Common Unix filter programs are: cat, cut, grep, head, sort, tail, and uniq. Programs like awk and sed can be used to build quite complex filters because they are fully programmable. Unix filters can also be used by Data scientists to get a quick overview about a file based dataset.[2]

List of Unix filter programs[edit]


Two standard filters from the early days of DOS-based computers are find and sort.


find "keyword" < inputfilename > outputfilename
sort "keyword" < inputfilename > outputfilename
find /v "keyword" < inputfilename | sort > outputfilename

Such filters may be used in batch files (*.bat, *.cmd etc.).

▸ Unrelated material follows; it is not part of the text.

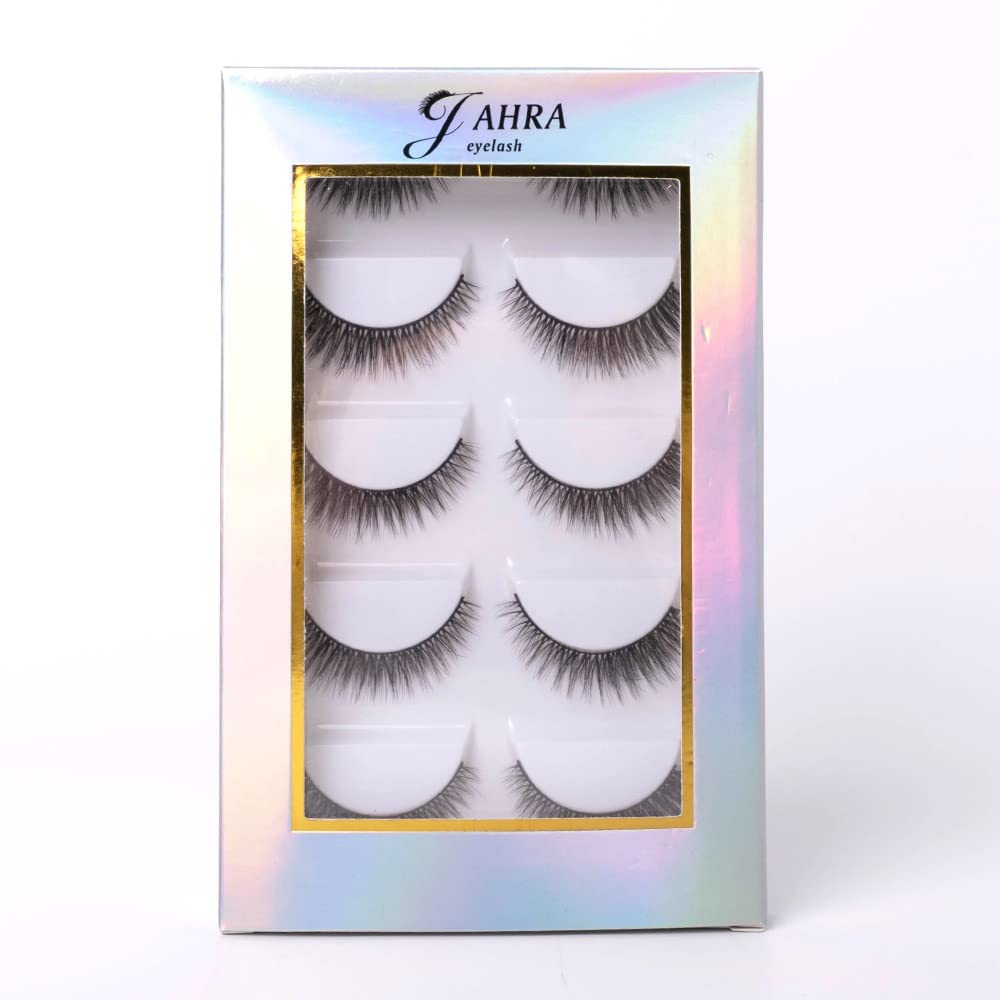 JAHRA Eyelashes Faux Mink Lashes, Natural Style Lashes, 3D Lashes, Lashes For Light Make Up, Soft 5 Pairs Eyelashes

For use in the same command shell environment, there are many more filters available than those built into Windows. Some of these are freeware, some shareware and some are commercial programs. A number of these mimic the function and features of the filters in Unix. Some filtering programs have a graphical user interface (GUI) to enable users to design a customized filter to suit their special data processing and/or data mining requirements.


Windows Command Prompt inherited MS-DOS commands, improved some and added a few. For example, Windows Server 2003 features six command-line filters for modifying Active Directory that can be chained by piping: DSAdd, DSGet, DSMod, DSMove, DSRm and DSQuery.[3]

Windows PowerShell adds an entire host of filters known as "cmdlets" which can be chained together with a pipe, except a few simple ones, e.g. Clear-Screen. The following example gets a list of files in the C:\Windows folder, gets the size of each and sorts the size in ascending order. It shows how three filters (Get-ChildItem, ForEach-Object and Sort-Object) are chained with pipes.

Get-ChildItem C:\Windows | ForEach-Object { $_.length } | Sort-Object -Ascending


  1. ^ McIlroy, M. D. (1987). A Research Unix reader: annotated excerpts from the Programmer's Manual, 1971–1986 (PDF) (Technical report). CSTR. Bell Labs. 139.
  2. ^ Data Analysis with the Unix Shell Archived 2016-01-22 at the Wayback Machine - Bernd Zuther, comSysto GmbH, 2013
  3. ^ Holme, Dan; Thomas, Orin (2004). Managing and maintaining a Microsoft Windows Server 2003 environment : exam 70-290. Redmond, WA: Microsoft Press. pp. 3|17—3|26. ISBN 9780735614376.